---- DATA UNDER STUDY
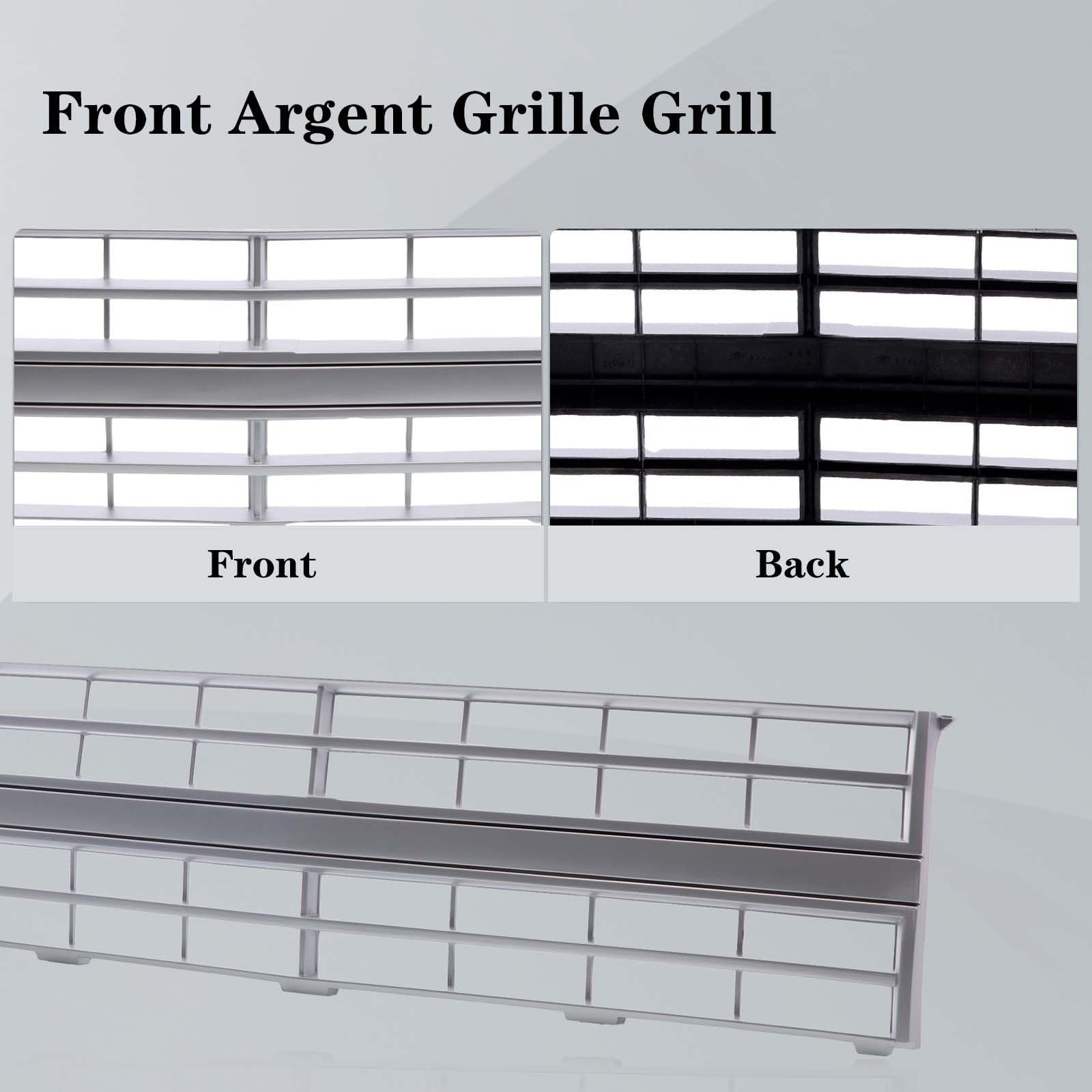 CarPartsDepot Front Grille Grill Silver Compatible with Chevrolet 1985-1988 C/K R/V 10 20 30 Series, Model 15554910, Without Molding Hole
--------
---- DATA UNDER STUDY
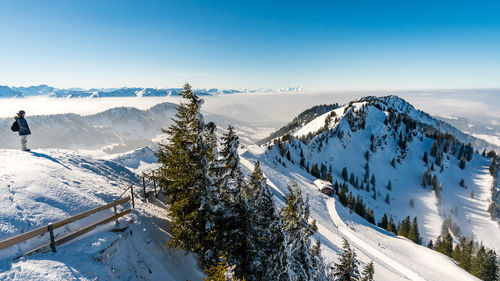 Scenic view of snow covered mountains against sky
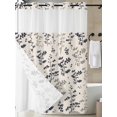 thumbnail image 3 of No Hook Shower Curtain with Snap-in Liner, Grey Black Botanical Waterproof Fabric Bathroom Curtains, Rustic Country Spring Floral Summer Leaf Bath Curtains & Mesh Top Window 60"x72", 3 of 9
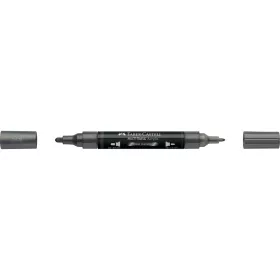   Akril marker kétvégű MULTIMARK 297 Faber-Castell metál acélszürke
--------
---- DATA UNDER STUDY
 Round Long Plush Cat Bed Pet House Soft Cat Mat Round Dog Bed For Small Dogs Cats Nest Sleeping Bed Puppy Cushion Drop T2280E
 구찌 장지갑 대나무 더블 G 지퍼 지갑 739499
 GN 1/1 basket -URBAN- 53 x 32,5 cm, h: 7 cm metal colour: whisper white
--------
WHAT IS BEING ASKED :: From the material above, set down exactly the lines between the line holding "Round Long Plush" and the line holding "GN 1/1 basket", inclusive. Include nothing else.

RESPONSE TO THIS TASK ::
 Round Long Plush Cat Bed Pet House Soft Cat Mat Round Dog Bed For Small Dogs Cats Nest Sleeping Bed Puppy Cushion Drop T2280E
 구찌 장지갑 대나무 더블 G 지퍼 지갑 739499
 GN 1/1 basket -URBAN- 53 x 32,5 cm, h: 7 cm metal colour: whisper white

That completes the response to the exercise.